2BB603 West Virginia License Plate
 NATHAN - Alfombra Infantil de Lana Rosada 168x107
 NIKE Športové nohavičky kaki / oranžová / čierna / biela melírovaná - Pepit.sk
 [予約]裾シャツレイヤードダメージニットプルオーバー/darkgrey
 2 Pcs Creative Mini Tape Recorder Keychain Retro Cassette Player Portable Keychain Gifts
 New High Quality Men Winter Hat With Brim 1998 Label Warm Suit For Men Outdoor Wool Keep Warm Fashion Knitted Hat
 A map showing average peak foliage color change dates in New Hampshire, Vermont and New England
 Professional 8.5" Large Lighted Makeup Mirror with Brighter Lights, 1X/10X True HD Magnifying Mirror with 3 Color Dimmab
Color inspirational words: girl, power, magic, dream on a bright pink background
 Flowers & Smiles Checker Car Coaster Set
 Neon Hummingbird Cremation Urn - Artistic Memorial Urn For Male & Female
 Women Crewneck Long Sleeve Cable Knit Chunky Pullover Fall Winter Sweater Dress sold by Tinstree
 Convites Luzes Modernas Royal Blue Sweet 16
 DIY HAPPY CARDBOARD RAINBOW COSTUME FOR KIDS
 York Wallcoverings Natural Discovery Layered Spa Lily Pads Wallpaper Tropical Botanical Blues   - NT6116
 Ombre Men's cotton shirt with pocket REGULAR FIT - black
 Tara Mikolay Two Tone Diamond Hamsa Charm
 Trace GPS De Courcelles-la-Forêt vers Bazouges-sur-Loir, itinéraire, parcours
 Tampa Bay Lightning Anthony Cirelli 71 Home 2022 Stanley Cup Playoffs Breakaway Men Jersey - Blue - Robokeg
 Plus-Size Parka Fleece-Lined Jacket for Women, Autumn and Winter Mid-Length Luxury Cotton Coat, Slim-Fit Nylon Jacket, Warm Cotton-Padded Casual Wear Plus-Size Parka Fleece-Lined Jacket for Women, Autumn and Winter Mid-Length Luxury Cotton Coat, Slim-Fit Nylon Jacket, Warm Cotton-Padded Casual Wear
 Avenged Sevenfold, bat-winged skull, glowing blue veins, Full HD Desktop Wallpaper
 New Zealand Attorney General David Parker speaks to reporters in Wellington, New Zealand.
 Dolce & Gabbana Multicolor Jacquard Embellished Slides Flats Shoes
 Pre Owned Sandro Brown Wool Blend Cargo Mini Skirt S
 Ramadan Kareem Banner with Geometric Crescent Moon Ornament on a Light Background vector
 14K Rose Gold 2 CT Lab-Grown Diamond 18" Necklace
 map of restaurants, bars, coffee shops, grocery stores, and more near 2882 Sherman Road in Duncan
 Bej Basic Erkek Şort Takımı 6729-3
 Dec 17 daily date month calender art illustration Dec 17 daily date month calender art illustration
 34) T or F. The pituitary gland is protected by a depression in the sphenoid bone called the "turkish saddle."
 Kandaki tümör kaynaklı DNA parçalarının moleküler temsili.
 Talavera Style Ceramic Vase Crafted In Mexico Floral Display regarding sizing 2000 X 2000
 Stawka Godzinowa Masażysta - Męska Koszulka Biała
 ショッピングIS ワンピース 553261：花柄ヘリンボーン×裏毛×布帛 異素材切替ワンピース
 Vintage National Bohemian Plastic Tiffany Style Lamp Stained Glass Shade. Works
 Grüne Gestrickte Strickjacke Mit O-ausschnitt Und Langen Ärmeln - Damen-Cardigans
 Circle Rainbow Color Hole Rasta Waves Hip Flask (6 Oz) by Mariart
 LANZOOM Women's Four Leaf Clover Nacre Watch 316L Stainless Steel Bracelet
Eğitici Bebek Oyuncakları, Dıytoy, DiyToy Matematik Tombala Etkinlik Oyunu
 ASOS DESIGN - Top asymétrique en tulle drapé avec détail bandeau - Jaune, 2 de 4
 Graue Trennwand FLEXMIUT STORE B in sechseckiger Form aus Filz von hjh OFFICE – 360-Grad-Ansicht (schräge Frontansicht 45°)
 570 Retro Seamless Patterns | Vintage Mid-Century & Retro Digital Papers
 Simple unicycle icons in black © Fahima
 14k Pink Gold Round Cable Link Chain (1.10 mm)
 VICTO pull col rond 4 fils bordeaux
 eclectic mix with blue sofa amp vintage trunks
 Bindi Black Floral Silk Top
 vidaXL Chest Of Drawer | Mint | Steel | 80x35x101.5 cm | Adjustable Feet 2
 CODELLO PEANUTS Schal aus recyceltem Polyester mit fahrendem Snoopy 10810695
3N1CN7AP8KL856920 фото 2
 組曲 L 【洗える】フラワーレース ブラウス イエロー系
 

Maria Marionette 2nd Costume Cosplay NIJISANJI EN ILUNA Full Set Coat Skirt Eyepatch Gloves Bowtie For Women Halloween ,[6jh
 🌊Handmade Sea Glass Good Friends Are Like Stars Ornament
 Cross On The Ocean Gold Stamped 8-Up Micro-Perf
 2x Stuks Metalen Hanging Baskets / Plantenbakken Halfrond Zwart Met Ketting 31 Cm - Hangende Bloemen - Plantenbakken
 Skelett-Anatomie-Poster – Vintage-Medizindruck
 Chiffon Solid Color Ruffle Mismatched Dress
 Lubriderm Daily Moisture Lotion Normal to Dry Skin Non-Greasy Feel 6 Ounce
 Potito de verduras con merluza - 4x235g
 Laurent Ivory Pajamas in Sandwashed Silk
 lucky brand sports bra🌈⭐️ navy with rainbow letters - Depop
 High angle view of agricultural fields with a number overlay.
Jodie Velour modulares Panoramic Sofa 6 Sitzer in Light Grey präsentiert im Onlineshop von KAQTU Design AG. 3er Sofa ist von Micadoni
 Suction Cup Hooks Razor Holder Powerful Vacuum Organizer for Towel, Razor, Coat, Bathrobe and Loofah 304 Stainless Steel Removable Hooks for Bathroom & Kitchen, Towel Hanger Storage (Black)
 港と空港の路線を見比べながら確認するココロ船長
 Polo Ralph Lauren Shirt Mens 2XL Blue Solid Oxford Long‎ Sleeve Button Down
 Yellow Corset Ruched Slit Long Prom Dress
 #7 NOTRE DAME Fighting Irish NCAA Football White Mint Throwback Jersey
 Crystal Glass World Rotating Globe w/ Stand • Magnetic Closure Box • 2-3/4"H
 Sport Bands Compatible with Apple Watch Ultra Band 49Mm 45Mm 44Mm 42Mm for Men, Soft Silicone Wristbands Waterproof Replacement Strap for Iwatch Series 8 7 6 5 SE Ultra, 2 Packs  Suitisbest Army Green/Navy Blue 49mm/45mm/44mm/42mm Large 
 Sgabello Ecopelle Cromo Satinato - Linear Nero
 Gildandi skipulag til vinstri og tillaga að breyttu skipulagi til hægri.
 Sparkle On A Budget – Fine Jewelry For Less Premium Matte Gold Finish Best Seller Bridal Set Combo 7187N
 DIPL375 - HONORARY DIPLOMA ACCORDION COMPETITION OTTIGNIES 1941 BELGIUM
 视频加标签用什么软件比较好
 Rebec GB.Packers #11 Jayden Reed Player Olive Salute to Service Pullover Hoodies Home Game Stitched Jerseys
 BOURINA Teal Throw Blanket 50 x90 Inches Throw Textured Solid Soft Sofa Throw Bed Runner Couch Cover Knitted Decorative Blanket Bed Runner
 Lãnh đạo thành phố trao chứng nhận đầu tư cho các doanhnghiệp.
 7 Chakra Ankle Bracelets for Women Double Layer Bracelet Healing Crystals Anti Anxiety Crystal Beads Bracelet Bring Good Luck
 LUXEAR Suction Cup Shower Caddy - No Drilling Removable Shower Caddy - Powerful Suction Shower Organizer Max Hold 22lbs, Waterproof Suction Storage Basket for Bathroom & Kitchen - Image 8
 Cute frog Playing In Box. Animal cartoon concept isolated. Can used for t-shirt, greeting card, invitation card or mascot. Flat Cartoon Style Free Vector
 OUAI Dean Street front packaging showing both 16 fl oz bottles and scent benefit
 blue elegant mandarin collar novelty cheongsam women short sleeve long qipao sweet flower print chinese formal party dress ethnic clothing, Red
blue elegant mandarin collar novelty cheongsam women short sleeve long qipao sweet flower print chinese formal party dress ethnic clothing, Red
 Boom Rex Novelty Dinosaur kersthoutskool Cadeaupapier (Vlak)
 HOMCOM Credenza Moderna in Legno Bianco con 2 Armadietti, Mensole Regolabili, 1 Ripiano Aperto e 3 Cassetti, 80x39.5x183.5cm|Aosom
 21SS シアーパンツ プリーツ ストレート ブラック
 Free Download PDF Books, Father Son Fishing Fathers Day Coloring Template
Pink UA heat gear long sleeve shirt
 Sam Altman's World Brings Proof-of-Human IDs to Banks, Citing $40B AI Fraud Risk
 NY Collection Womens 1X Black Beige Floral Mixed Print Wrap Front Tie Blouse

---

EXERCISE BRIEF: Please transcribe exactly the lines above from the line that has "Gildandi skipulag til" up to and including the line that has "Rebec GB.Packers #11"; no other line belongs in the answer.

ANSWER BOX:
 Gildandi skipulag til vinstri og tillaga að breyttu skipulagi til hægri.
 Sparkle On A Budget – Fine Jewelry For Less Premium Matte Gold Finish Best Seller Bridal Set Combo 7187N
 DIPL375 - HONORARY DIPLOMA ACCORDION COMPETITION OTTIGNIES 1941 BELGIUM
 视频加标签用什么软件比较好
 Rebec GB.Packers #11 Jayden Reed Player Olive Salute to Service Pullover Hoodies Home Game Stitched Jerseys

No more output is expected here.